> [TASK TO COMPLETE]: Beginning with the line below that contains "2-Amino-2-(2-bromo-5-fluorophenyl)acetic acid" and ending with the line that contains "Violet Mikami Chicago", copy every line exactly. Copy nothing else.

> [Collected data entries]:
=-=-=-=-=

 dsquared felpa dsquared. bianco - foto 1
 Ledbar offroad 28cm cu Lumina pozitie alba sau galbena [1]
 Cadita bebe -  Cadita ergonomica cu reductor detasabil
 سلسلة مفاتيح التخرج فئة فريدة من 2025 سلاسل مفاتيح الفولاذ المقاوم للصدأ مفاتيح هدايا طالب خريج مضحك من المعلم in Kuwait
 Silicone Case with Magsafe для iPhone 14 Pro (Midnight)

=-=-=-=-=

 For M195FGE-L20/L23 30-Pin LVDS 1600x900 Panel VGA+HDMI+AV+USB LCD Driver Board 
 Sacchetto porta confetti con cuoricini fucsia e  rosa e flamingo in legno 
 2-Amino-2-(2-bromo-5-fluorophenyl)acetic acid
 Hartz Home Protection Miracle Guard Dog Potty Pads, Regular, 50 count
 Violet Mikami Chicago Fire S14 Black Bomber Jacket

=-=-=-=-=

> [EXPECTED OUTPUT]:
 2-Amino-2-(2-bromo-5-fluorophenyl)acetic acid
 Hartz Home Protection Miracle Guard Dog Potty Pads, Regular, 50 count
 Violet Mikami Chicago Fire S14 Black Bomber Jacket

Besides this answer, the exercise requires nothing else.